(Dataset items)
--

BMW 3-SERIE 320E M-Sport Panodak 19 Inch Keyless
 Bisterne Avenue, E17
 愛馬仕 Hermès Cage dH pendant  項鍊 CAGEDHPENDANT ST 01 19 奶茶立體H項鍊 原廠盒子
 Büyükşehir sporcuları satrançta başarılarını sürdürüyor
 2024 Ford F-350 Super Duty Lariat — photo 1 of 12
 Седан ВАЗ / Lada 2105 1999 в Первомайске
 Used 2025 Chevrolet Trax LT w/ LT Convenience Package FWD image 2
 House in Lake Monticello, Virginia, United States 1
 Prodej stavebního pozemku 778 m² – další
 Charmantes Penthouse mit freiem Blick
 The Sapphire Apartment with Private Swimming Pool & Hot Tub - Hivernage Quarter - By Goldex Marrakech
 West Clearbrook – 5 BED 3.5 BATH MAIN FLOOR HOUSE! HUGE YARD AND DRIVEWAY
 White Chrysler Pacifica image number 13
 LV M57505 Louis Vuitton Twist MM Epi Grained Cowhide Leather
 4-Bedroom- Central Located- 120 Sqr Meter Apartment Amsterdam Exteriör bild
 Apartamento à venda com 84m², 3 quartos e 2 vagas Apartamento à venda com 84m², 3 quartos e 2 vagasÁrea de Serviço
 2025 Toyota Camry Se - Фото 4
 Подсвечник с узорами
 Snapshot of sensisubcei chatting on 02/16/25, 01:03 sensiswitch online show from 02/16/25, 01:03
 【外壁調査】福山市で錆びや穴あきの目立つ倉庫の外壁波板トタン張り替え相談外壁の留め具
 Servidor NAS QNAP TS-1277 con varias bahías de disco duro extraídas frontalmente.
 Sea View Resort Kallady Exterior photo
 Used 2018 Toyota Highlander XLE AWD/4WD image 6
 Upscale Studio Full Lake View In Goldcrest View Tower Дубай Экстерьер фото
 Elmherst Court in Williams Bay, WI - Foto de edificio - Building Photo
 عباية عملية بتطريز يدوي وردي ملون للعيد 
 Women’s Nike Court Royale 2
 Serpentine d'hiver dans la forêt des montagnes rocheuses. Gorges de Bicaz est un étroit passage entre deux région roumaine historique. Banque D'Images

--

(Problem description)
Copy exactly. Start at the line containing "Sea View Resort Kallady Exterior photo" and continue through the last line of the records.

(Answer to the problem)
 Sea View Resort Kallady Exterior photo
 Used 2018 Toyota Highlander XLE AWD/4WD image 6
 Upscale Studio Full Lake View In Goldcrest View Tower Дубай Экстерьер фото
 Elmherst Court in Williams Bay, WI - Foto de edificio - Building Photo
 عباية عملية بتطريز يدوي وردي ملون للعيد 
 Women’s Nike Court Royale 2
 Serpentine d'hiver dans la forêt des montagnes rocheuses. Gorges de Bicaz est un étroit passage entre deux région roumaine historique. Banque D'Images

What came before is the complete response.